Thursday, December 3, 2015

You Better Watch Out for "Krampus"

Director Michael Dougherty (“Trick 'r Treat”) gives moviegoers another dose of holiday cheer with “Krampus.” The delightfully twisted vision of the Christmas season is written by Dougherty, Todd Casey, and Zach Shields. The cast is made up of Adam Scott (“Parks and Recreation”), Toni Collette (“The Sixth Sense”), David Koechner (“Anchorman”), and Emjay Anthony as Max.

While the holiday season represents the most magical time of year, ancient European folklore warns of Krampus, a horned beast who punishes naughty children at Christmastime. When dysfunctional family squabbling causes young Max (Emjay Anthony) to lose his festive spirit, it unleashes the wrath of the fearsome demon. As Krampus lays siege to the Engel home, mom (Toni Collette), pop (Adam Scott), sister (Stefania LaVie Owen) and brother must band together to save one another from a monstrous fate.

I know what you were thinking when you saw the trailer for “Krampus” the first time. “This has to be a joke. They can’t be serious.” Well, Director / Co-Writer Michael Dougherty is very serious about the follow-up to his 2007 film “Trick 'r Treat.” Just like with that movie, he explores the ancient folklore and beliefs of a superstitious world most of us have forgotten about.

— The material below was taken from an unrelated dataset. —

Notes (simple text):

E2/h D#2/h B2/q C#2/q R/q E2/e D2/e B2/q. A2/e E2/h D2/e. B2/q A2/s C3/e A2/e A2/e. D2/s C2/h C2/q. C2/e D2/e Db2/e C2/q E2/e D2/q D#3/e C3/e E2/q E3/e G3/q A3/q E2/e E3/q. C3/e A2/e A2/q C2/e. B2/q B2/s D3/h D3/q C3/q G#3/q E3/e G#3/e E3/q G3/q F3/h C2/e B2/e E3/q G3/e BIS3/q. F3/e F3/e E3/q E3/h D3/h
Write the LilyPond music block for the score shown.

“Krampus” takes itself serious, but doesn’t forget to have fun along the way. Even though it provides laughs along with its jump scares and thrills, the movie never feels conflicted or uneven. Director Dougherty found the perfect recipe for what could have been a major misfire.

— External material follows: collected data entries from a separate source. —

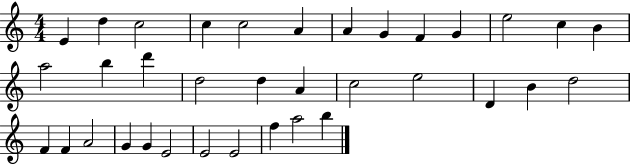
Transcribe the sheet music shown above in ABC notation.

X:1
T:Untitled
M:4/4
L:1/4
K:C
E d c2 c c2 A A G F G e2 c B a2 b d' d2 d A c2 e2 D B d2 F F A2 G G E2 E2 E2 f a2 b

Cinematographer Jules O'Loughlin drops us right in the middle of a normal middle-American suburb and somehow leaves us feeling completely detached from the outside world. You truly believe you’re trapped in the midst of a blizzard with no connection to civilization. I was totally immersed in “Krampus” and all the many sets and locations it was shot in and on.

“Krampus” reminded me very much of classic 1980’s horror films whose main heroes and focuses were children. A few movies that come to mind are “The Gate,” “Gremlins,” “The Monster Squad,” and even “E.T.: The Extra-Terrestrial.” They captured our imaginations and fueled our nightmares as we grew up. Even though we might have been scared at the time, they’re memories we cherish and continue to take with us into adulthood.

As a Christian, I probably don’t need to warn others who share my beliefs of what many might find offensive. “Krampus” is based on the mythical beast which many pagans feared in pre-Christian times. However, like many traditions, the creature has been utilized by Christians since then. As a fan of horror and supernatural folklore, I just enjoy a nice scary story.

I look at this in the same way I look at “A Christmas Carol.” “Krampus” is a cautionary tale using goblins and ghouls as tools to tell the story. The lessons to be learned here is rather straightforward. “Be careful what you wish for” and “Be good and not naughty.” You could also say it’s telling us all to appreciate and respect our families no matter how irritating or pleasant they may be.

“Krampus” is rated PG-13 for sequences of horror violence / terror, language and some drug material. I would definitely not take a child under the age of 13 to see this, unless you want to lay awake with them until you take all the Christmas decorations down and board up your fireplace. The drug material the rating refers to is a scene where a candy cane bong is shown. No actual use of drugs is shown.

I’ve been a huge fan of Christmas horror films for many years now. I actually collect them and watch as many as I can every year. I own everything from “Silent Night, Deadly Night” to “Santa’s Slay” to “Black Christmas” and “Rare Exports.” “Krampus” is a welcome addition and a wonderful gift of fright for the season. The production values, CGI, special effects, and acting all come together to create a truly memorable experience I’ll be repeating on an annual basis.